Are Banks open for Business? / Tommi Valento
This question is something that I hear quite often these days when advising companies in issues related to debt financing. Virtually every day we can read about the eurocrisis, the Greek bailout, and the tightening of the banking regulation (e.g. Basel III). It is difficult to analyze the full impact of all of these on banking and debt markets, but what everybody seems to agree on is that obtaining new debt financing will be more difficult in the future and the cost of financing is higher than what it used to be. The official guidance by major banks in Finland is that they are open for business. In practice the banks are “selectively” open for business. Selectiveness can mean several things and probably different things to different banks. It can for example mean that banks focus on less risky companies/assets/projects or stay clear of certain industries.

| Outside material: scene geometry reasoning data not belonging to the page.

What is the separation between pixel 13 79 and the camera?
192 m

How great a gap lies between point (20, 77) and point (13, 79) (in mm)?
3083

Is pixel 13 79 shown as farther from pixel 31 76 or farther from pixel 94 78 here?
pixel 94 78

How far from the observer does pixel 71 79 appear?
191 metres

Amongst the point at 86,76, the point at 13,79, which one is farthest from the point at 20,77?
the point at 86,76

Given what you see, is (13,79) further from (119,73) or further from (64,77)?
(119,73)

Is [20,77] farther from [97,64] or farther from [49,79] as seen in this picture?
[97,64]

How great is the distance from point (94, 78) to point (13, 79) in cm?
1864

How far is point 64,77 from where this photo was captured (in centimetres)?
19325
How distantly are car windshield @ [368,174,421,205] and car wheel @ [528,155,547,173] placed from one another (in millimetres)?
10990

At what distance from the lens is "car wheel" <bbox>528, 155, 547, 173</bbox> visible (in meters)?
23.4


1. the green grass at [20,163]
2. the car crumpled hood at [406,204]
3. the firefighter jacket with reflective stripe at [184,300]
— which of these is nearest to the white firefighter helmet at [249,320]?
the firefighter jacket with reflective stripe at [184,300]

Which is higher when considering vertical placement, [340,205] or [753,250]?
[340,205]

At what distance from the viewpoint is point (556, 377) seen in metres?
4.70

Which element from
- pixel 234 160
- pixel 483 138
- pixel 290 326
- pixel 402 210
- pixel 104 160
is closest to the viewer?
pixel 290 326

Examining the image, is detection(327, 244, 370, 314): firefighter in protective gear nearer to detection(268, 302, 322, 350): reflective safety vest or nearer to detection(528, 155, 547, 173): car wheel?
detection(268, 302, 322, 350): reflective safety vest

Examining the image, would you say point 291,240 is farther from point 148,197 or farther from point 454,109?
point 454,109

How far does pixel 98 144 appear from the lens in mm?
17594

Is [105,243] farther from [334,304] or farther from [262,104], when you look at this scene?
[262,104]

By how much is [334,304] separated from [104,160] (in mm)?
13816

If answer to the question in the title is that banks are
selectively open for business, what does this mean for potential borrowers?
1. To be ahead
of the other parties competing for the loans, you should do your homework
before approaching the banks. You should prepare in advance materials that the
bank can use in their internal credit process. This means a comprehensive info
package including company presentation, information regarding the financing
need and most importantly the financial forecasts for next 3-5 years. Why?
Because it will reduce the work that people at banks have to do when preparing
your case for credit approval. It will also reduce the likelihood of
misunderstandings and the need for additional questions and hence reduce the
time the process takes. It will also make sure that you will have your story
straight and facts to back it up, which will increase confidence in banks and
also show that you’re being serious about the process and have taken time and
made the effort to prepare.
2. In current market conditions, financing should be on top management agenda, which means you should make the senior management available to the banks (preferably face-to-face meetings).
3. You should
contact banks, and other financiers such as insurance companies, broadly rather
than just contacting a handful banks that you’ve cooperated over the years.

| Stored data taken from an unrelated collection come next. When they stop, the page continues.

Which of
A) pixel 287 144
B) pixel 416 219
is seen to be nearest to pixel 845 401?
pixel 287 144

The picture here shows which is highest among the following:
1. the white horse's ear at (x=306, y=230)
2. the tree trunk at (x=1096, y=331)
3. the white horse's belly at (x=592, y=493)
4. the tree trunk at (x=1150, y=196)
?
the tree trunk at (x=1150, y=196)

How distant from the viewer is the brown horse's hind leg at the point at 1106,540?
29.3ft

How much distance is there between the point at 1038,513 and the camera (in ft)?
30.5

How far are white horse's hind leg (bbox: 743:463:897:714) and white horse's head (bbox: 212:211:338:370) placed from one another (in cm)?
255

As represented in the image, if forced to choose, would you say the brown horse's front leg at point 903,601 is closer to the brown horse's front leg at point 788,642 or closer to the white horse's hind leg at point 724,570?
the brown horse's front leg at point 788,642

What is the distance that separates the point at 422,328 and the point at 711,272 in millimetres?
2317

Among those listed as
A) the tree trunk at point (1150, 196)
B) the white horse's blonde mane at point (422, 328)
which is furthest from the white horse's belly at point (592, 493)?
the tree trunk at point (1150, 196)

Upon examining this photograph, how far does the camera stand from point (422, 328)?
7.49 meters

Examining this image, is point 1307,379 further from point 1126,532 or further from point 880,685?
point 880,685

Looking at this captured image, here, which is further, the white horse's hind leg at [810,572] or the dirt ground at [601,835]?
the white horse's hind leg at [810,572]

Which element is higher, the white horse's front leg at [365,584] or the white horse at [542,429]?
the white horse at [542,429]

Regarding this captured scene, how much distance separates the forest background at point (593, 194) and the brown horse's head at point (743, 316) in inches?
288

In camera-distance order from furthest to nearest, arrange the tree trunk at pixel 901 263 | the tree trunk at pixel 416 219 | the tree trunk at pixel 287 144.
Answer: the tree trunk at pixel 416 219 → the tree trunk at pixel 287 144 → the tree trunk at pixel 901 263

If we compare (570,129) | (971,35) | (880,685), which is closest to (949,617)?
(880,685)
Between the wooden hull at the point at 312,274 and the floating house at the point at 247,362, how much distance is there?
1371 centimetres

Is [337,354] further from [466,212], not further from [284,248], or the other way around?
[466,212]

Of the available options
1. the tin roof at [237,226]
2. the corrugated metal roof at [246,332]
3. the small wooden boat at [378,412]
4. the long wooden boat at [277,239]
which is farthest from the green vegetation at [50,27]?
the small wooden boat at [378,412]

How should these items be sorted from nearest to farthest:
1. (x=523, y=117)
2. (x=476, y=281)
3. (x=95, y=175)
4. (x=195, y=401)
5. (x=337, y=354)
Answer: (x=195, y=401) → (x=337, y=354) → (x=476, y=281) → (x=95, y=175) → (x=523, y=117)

While your house bank is most likely your strongest candidate, it is difficult
foresee which companies/projects/industries/geographies are appealing to which
financiers. The terms that the financiers are offering can also vary
considerably making it worthwhile to do more legwork.
4. You should start the discussions with financiers well before of the actual financing need to account for longer credit processes and allow time for “fallback plan” in case the financing negotiations fall through
5. You should also be prepared to the terms that banks are offering in these market conditions. This means lower leverage, shorter tenors, higher fees and margins, and more extensive security and covenant packages.
6. You should
also consider using financial advisers. Sometimes it’s helpful to have an
independent party that can help you in analyzing your capital structure,
financial situation and financing need, preparing the info package and other
materials, coordinating the financing process and supporting you in
negotiations with banks. A good adviser has extensive contacts within the
financing community, good understanding on what banks want and need and
up-to-dateknowledge of market practices and terms of financing. An independent
adviser can level the playfield between you and bank, make the process run
faster and more smoothly, allow the management to spend more time on running
the business and find you the most favorable funding solution available.
It is difficult to predict where the banking and debt markets are going. However, the coming spring will show if the banks are indeed open.